In my experience it worked like this:
1. You feel called by God to be a preacher.
2. Your local church (if you are Baptist or free church) or denomination (for most others) acknowledges and affirms your call by ordaining you. This step could be very easy and short (as it is for most Baptists) or it could be long and arduous (as it is for Presbyterians and others). You may be expected to go to seminary, take an ordination exam, or face an ordination council before being ordained, depending on your denomination.
3. Look for every single opportunity to preach, no matter when or where. Preach at nursing homes, to youth groups, to country churches, in prisons...wherever. Fill in for other pastors who are ill or out of town (if you are Baptist it would be good to contact your area's director of missions and have him put you on the substitute preacher list; I assume that you would do something similar in other denominations). The best way to get better at preaching is to actually preach!
4. If you feel called to be a pastor, then find a church that needs a pastor and send them a resume. They will likely want to hear you preach before hiring you, so work out a time and place with them so that they can hear you. You could also plant a church instead, which means that you would start a church from scratch.
5. If you feel called to be an evangelist (i.e., a traveling preacher), then contact churches and let them know that you are available for revivals, etc. It will probably be slow going at first, but if you are any good, word will spread and you will get more chances to preach.
so should u tell others u are out there, or wait for other leaders to notice you?
Start with your pastor.
how soon after joining a church should u bring the matter up?
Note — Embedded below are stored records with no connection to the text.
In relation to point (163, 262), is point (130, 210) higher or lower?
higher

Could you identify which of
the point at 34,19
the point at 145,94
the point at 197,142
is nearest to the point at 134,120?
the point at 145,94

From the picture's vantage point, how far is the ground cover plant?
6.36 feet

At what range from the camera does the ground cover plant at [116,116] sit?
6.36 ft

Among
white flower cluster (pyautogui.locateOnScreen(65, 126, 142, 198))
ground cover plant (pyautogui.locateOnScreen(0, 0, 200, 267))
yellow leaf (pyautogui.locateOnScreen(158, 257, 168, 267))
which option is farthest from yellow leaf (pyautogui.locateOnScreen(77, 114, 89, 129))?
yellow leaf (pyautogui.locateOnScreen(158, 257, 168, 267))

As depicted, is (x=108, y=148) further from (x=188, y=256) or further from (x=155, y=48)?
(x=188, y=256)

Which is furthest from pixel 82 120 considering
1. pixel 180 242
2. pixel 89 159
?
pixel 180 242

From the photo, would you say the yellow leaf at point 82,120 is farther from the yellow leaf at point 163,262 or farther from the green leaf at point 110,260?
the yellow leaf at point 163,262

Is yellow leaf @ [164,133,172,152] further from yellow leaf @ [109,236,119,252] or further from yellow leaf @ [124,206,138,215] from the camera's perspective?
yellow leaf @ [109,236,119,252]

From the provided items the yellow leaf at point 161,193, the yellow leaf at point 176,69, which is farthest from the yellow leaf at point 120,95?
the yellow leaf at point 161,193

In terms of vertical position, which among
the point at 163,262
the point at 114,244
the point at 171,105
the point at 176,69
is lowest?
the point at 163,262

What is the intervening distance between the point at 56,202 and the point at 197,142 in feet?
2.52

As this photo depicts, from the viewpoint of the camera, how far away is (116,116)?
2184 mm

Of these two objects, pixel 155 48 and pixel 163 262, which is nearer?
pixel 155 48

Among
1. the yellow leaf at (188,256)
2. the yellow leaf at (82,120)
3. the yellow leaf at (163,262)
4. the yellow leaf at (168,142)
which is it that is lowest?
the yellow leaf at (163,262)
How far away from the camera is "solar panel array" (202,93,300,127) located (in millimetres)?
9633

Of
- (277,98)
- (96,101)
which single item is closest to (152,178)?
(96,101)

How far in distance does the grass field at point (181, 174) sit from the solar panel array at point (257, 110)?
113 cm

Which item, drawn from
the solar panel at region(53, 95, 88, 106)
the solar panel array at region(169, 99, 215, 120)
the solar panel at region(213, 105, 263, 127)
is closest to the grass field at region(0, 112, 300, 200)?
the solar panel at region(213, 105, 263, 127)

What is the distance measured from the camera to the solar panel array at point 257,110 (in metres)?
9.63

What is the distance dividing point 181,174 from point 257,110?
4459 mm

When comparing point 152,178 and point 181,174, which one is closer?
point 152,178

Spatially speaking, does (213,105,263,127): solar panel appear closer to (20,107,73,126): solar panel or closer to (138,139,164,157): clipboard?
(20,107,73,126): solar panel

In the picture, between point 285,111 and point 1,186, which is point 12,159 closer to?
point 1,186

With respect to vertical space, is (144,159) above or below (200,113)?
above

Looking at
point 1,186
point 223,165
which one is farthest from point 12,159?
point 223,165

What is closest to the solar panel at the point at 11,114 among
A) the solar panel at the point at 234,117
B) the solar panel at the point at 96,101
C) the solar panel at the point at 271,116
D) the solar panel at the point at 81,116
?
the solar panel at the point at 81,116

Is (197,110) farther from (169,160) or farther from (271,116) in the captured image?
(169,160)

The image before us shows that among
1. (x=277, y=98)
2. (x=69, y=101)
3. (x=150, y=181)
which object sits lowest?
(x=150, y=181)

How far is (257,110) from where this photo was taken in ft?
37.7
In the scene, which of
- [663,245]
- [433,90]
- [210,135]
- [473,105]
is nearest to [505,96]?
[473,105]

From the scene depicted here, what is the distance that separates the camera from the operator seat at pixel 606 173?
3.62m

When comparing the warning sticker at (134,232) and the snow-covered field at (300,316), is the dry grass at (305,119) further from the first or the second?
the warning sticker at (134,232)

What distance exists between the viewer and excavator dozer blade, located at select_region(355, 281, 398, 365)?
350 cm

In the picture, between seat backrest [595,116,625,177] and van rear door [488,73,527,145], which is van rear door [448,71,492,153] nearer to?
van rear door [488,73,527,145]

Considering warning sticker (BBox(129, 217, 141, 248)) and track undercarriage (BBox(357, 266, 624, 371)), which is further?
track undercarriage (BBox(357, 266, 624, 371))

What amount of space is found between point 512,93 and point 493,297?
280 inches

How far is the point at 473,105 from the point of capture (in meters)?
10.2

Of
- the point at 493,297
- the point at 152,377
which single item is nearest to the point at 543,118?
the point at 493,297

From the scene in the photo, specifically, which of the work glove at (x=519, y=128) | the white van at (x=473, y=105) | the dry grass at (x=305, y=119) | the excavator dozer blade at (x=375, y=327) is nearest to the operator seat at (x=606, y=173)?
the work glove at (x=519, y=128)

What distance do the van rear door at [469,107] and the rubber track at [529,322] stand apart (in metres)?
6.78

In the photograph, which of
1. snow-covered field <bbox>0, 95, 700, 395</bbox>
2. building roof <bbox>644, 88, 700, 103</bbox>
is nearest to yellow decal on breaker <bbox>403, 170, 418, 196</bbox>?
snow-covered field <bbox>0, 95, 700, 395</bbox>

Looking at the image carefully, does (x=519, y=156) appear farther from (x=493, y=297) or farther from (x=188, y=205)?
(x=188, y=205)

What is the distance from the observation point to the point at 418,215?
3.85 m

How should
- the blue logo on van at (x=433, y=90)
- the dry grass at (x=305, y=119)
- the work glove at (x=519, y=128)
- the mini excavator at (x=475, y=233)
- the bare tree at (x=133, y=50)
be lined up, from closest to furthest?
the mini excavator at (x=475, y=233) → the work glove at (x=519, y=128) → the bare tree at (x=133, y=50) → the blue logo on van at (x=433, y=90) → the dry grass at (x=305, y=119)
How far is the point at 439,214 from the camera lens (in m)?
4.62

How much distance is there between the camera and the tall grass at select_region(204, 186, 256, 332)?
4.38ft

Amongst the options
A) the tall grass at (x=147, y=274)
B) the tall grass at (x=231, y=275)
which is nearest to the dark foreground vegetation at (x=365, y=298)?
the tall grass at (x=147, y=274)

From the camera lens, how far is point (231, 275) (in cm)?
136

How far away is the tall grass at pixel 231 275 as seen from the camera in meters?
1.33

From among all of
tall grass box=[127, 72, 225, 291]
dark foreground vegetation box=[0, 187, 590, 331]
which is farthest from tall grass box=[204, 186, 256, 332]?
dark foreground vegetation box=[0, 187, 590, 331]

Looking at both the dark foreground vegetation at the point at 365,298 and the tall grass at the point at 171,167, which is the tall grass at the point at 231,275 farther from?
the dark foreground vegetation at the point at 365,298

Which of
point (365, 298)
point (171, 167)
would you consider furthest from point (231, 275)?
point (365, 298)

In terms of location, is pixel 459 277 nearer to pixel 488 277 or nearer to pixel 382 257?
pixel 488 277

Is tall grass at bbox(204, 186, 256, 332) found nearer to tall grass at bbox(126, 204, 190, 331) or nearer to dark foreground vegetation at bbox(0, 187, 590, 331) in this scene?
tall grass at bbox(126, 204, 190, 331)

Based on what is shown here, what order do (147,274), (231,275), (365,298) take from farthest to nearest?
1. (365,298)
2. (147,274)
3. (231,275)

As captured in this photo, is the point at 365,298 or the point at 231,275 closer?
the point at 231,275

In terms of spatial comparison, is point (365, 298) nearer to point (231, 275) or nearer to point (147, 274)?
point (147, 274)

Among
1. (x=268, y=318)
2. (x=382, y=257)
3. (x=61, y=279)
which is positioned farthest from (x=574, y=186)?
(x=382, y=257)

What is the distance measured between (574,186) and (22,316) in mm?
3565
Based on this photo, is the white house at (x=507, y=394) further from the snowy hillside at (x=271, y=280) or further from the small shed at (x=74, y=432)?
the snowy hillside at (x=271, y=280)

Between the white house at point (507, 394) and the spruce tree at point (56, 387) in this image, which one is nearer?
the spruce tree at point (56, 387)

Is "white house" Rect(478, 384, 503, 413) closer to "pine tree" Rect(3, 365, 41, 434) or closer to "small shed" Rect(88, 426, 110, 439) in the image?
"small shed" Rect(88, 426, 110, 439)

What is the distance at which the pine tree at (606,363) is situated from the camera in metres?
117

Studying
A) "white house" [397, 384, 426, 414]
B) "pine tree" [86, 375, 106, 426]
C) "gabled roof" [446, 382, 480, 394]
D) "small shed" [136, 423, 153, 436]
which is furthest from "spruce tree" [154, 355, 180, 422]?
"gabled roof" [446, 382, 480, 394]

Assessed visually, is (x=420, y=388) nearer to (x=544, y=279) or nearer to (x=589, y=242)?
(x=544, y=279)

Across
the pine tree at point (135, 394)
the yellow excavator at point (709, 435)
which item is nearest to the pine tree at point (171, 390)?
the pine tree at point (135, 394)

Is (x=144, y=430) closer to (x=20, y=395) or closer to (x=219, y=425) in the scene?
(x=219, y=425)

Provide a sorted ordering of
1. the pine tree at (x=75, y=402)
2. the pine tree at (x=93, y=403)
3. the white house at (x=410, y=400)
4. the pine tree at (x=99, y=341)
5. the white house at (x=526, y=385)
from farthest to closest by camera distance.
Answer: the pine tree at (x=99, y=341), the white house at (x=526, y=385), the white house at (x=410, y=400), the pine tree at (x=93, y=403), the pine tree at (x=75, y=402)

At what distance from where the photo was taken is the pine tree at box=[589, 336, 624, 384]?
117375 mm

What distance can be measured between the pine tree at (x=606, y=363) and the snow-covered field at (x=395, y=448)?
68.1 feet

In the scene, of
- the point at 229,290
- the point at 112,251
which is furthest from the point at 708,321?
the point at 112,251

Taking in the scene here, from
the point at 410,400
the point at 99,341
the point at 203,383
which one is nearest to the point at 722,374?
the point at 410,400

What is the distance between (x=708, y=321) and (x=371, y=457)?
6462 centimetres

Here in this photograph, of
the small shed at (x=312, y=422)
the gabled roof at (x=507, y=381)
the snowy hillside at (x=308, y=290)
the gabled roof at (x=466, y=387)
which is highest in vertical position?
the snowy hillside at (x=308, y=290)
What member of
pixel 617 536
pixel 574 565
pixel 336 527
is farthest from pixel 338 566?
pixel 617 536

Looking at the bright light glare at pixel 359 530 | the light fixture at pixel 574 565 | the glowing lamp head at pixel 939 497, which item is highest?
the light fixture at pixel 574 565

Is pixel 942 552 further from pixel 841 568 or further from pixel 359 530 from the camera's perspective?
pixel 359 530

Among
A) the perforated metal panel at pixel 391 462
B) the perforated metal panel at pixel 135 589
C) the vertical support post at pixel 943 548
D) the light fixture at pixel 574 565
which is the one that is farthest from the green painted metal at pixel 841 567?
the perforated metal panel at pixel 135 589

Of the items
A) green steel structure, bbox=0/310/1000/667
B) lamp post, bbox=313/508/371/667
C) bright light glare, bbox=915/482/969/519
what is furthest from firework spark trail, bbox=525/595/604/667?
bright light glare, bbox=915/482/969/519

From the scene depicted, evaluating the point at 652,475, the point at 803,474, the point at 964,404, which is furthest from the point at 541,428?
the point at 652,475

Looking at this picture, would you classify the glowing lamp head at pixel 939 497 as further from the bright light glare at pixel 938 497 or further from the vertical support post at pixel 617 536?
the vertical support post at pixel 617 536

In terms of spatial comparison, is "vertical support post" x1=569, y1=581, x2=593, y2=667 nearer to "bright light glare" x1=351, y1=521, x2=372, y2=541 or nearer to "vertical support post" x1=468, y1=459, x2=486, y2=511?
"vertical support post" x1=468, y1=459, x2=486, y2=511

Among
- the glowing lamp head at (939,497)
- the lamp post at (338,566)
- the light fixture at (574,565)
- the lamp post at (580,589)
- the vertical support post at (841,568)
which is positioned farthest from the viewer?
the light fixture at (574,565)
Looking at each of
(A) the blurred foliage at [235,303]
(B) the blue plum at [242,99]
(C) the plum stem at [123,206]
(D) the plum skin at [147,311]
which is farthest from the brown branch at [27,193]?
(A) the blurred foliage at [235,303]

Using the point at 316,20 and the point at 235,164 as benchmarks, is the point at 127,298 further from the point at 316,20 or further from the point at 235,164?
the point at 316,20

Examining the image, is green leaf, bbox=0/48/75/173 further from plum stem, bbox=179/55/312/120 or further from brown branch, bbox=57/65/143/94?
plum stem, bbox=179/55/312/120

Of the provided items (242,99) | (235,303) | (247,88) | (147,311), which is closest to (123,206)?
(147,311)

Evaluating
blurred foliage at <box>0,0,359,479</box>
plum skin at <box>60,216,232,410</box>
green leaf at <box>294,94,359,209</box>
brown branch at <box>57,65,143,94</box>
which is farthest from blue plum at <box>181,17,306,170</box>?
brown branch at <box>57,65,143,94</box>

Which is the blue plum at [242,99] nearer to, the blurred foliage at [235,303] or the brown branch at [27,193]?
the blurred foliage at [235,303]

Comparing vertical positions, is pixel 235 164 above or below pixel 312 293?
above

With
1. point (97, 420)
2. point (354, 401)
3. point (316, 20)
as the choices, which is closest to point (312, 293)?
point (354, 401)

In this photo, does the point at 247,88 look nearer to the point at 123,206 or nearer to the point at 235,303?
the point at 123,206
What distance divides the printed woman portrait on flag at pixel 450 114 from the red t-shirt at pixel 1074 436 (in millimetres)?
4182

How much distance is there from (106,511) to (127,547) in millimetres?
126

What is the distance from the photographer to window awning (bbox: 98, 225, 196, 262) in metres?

StefanM gave great advice! Many people confuse the "call to ministry" with a desire to have an intimate and real relationship with Jesus. Some people assume that being a preacher means you are more spiritual, so they try to do it for that reason. Talking to your pastor may help you decipher if what you are feeling is a call to preach or a call to a more authentic relationship with Jesus.
If you are really serious about it, talk with the pastor right away.
Also, talk to your friends and family about it. God gives us Christian community so that we can be held accountable and so that we won't make crazy, rash decisions without thinking about it fully.
thanks for the pointers. the path I been on been kind of eclectic.
Eclectic is fine. The greatest Texas Baptist preacher, George W. Truett, didn't even feel the call from God at the start. His church asked him to be ordained without him even yet knowing that that was exactly what God wanted from him! All of our paths are windy...
If you don't mind, explain.
It would be helpful to know more about your circumstance. Are you joining a new church? Have you discussed this with anyone in leadership at your church?
I was wondering if you are still in high school, or have you graduated?
Your site states you are already ordained. Although this question is a simple one, one with your stated experience should have an answer already I would think.
From your site: http://americanworldview.tripod.com/id1.html
Frederick holds a Bachelor of Science in Political Science/History from the University of Maryland University College and a MA in Apologetics & Christian Philosophy from Trinity Theological Seminary, Newburgh, Indiana.
Frederick is a regular , and WebCommentary.com, as well as numerous others. His commentaries have also been published by The Free Congress Foundation and CNSNews.com. Back in the 20th Century, Frederick use to publish letters and op-eds in suburban Maryland newspapers, but took to the web to provide greater distribution of his work and to avoid the wrath of neighborhood malcontents. Frederick is also an ordained Non-Denominational Minister and listed in Who's Who In America.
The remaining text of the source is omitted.